Requirement: Every entry that follows should be repeated exactly; drop the images.

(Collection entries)
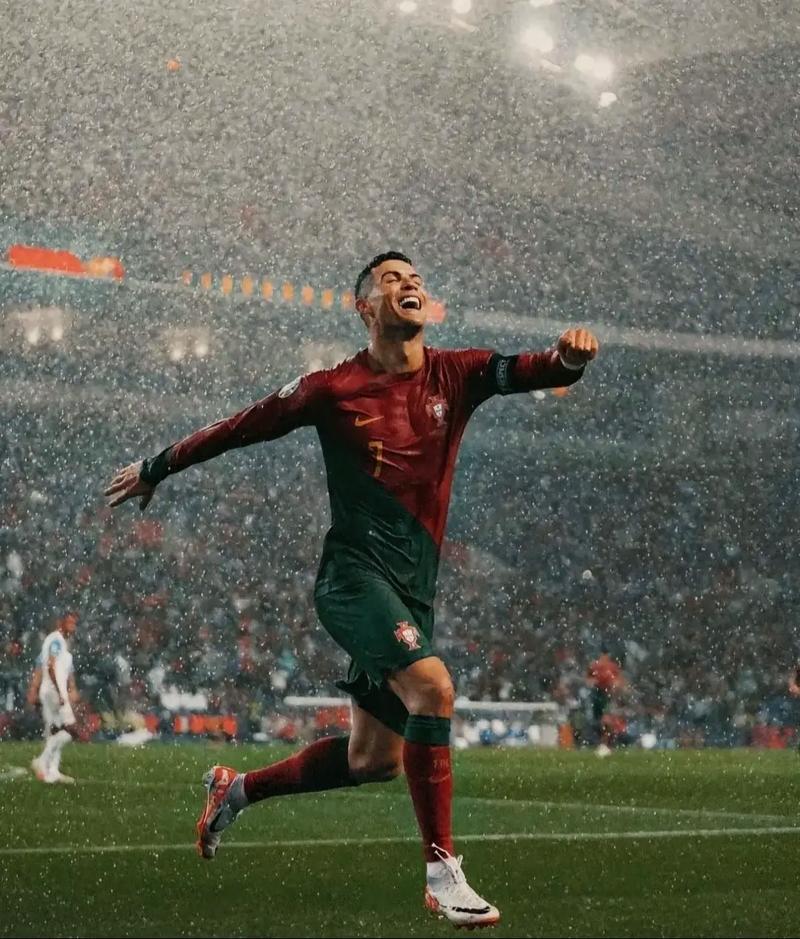 德媒：凯恩决定不激活明夏解约条款，且愿意续约至2028年（德媒：凯恩不启动明夏解约条款，愿将合同续至2028年）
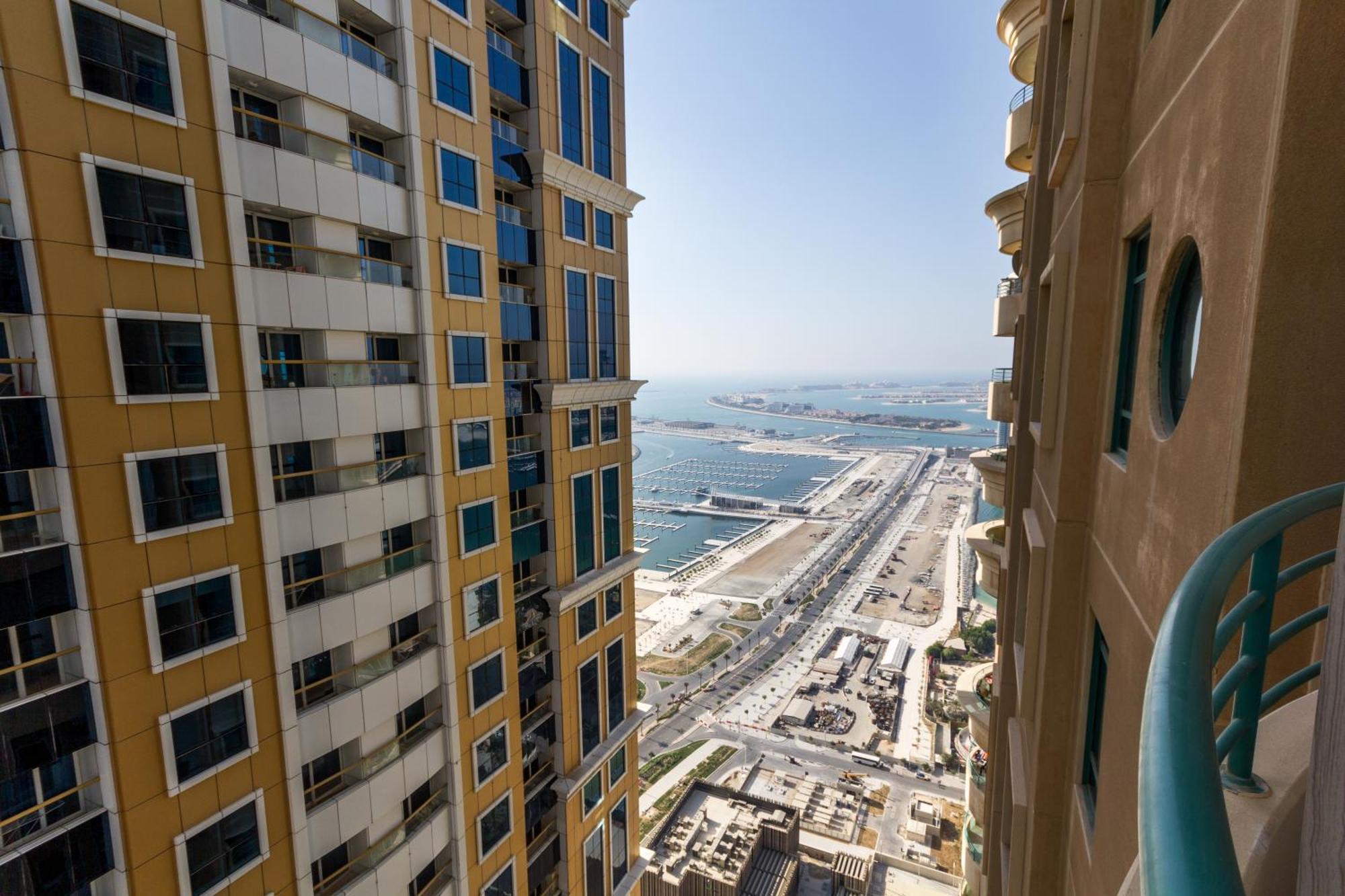 Nice Single Rooms For "Girls" Only In Dubai, Marina Exterior photo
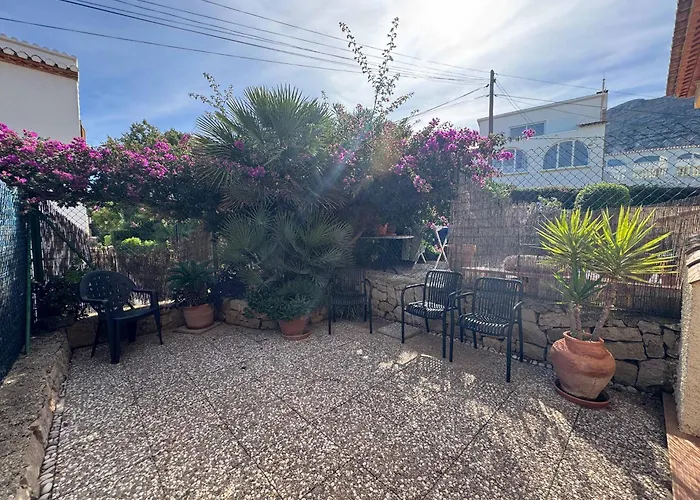 Beachnear Terraced House With Wonderful Sea-views Сasa de vacaciones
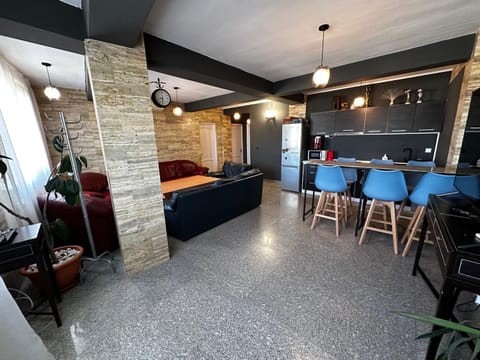 TV and multimedia, Kitchen or kitchenette, Living room, Seating area, Dining area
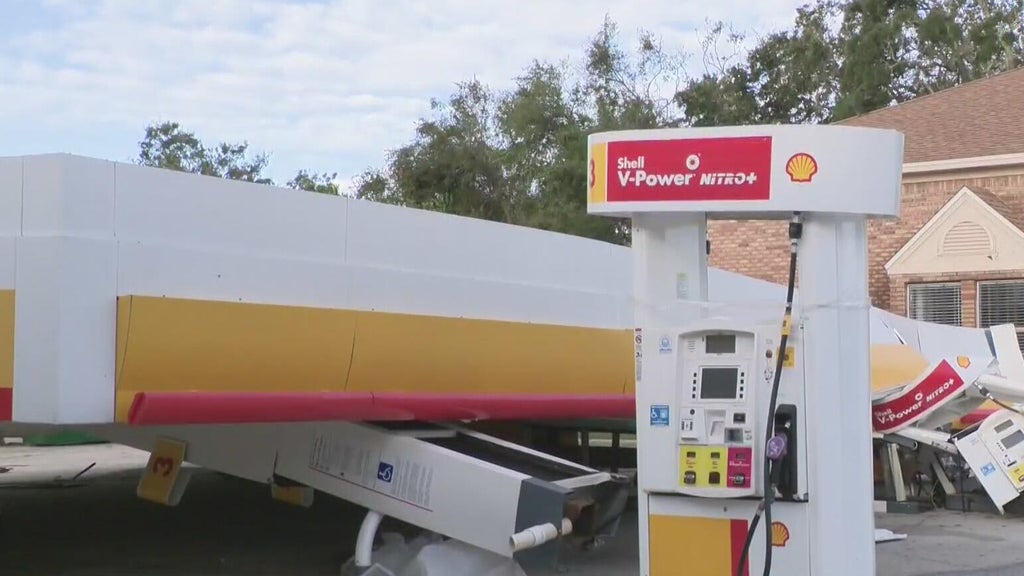 Hurricane Isaias damages homes and businesses along Florida Gulf Coast — CBS Miami, Aventura Business news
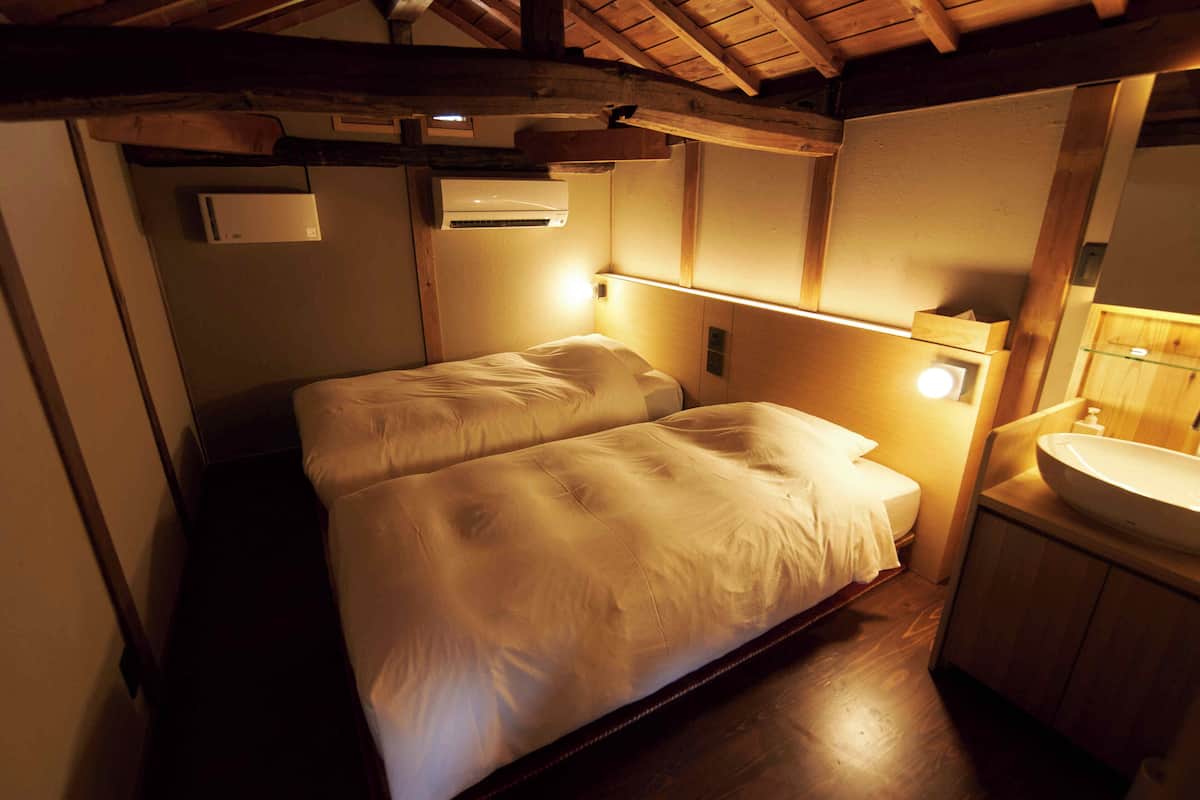 Kamar Quadruple, Bebas Asap Rokok, pemandangan kebun (NAYA) | 1 kamar tidur, minibar, Wi-Fi gratis, dan seprai linen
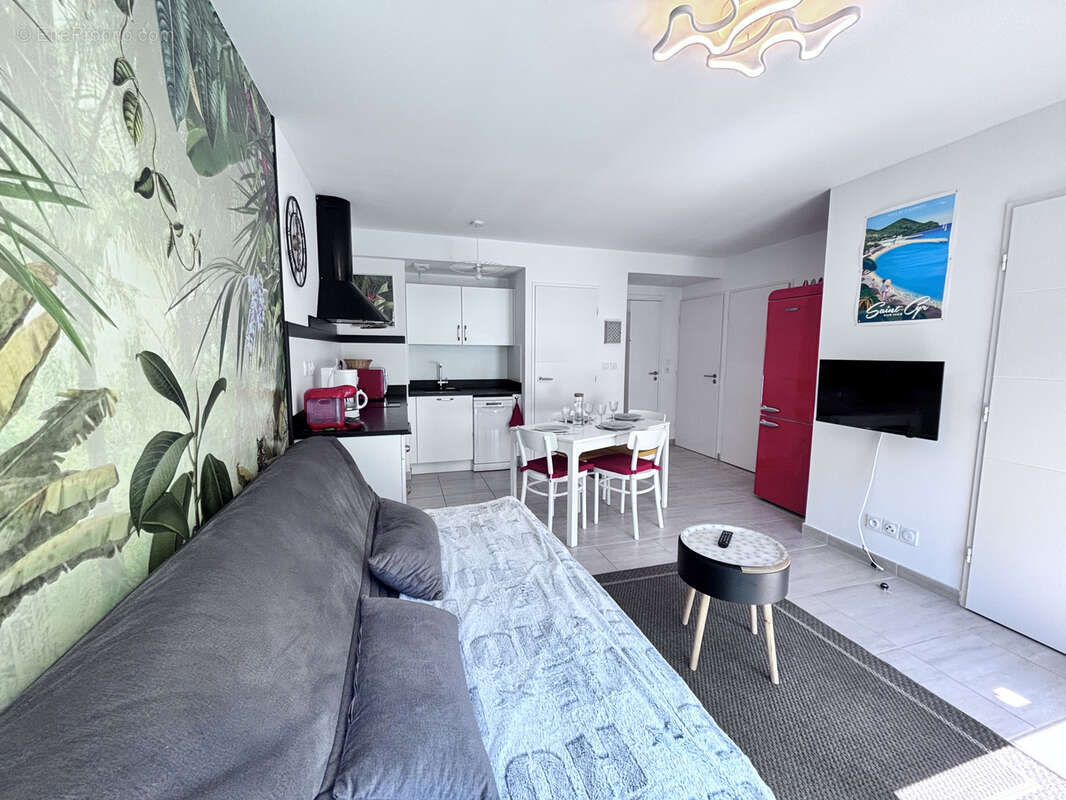 Appartement à SAINT-CYR-SUR-MER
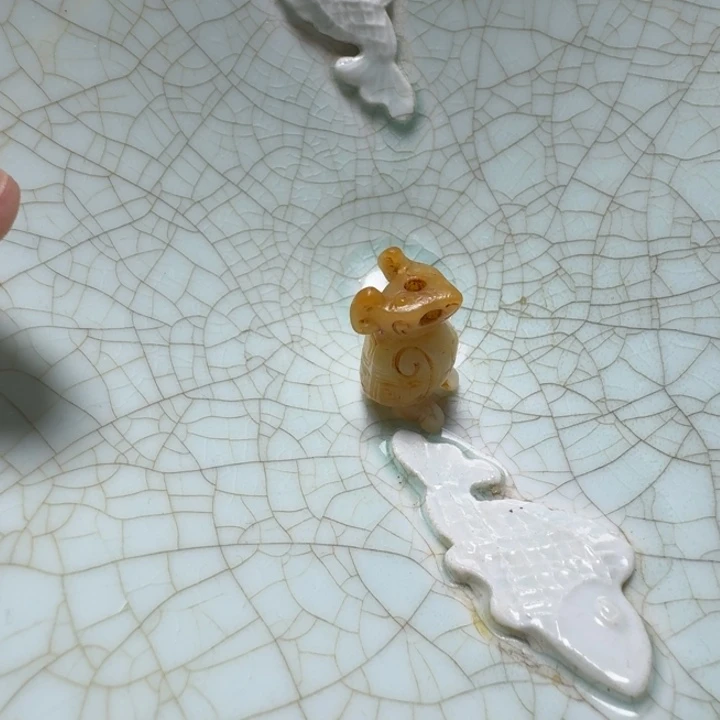 用***9瓷片双鱼青瓷开片大碗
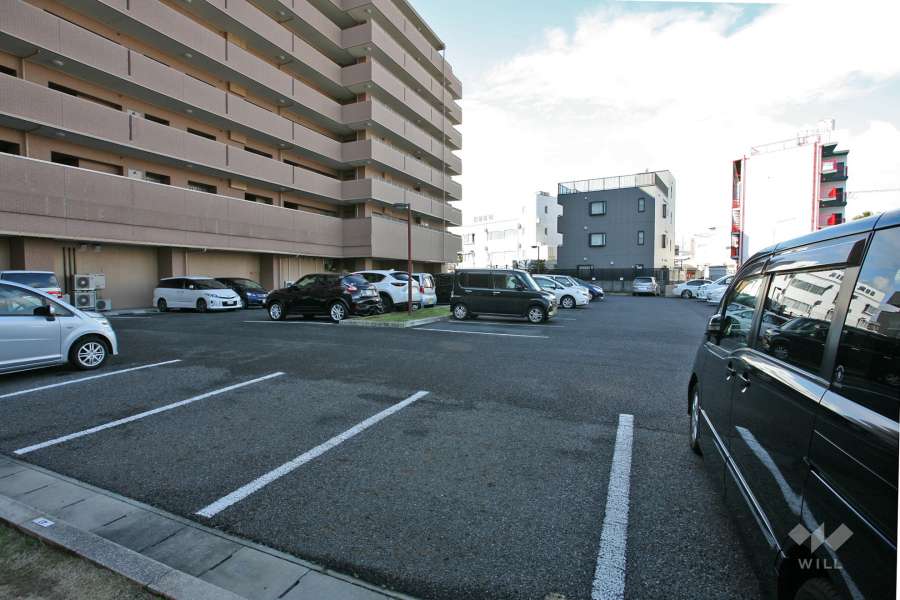 敷地内駐車場(屋外平面式)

Output of the exercise:
 德媒：凯恩决定不激活明夏解约条款，且愿意续约至2028年（德媒：凯恩不启动明夏解约条款，愿将合同续至2028年）
 Nice Single Rooms For "Girls" Only In Dubai, Marina Exterior photo
 Beachnear Terraced House With Wonderful Sea-views Сasa de vacaciones
 TV and multimedia, Kitchen or kitchenette, Living room, Seating area, Dining area
 Hurricane Isaias damages homes and businesses along Florida Gulf Coast — CBS Miami, Aventura Business news
 Kamar Quadruple, Bebas Asap Rokok, pemandangan kebun (NAYA) | 1 kamar tidur, minibar, Wi-Fi gratis, dan seprai linen
 Appartement à SAINT-CYR-SUR-MER
 用***9瓷片双鱼青瓷开片大碗
 敷地内駐車場(屋外平面式)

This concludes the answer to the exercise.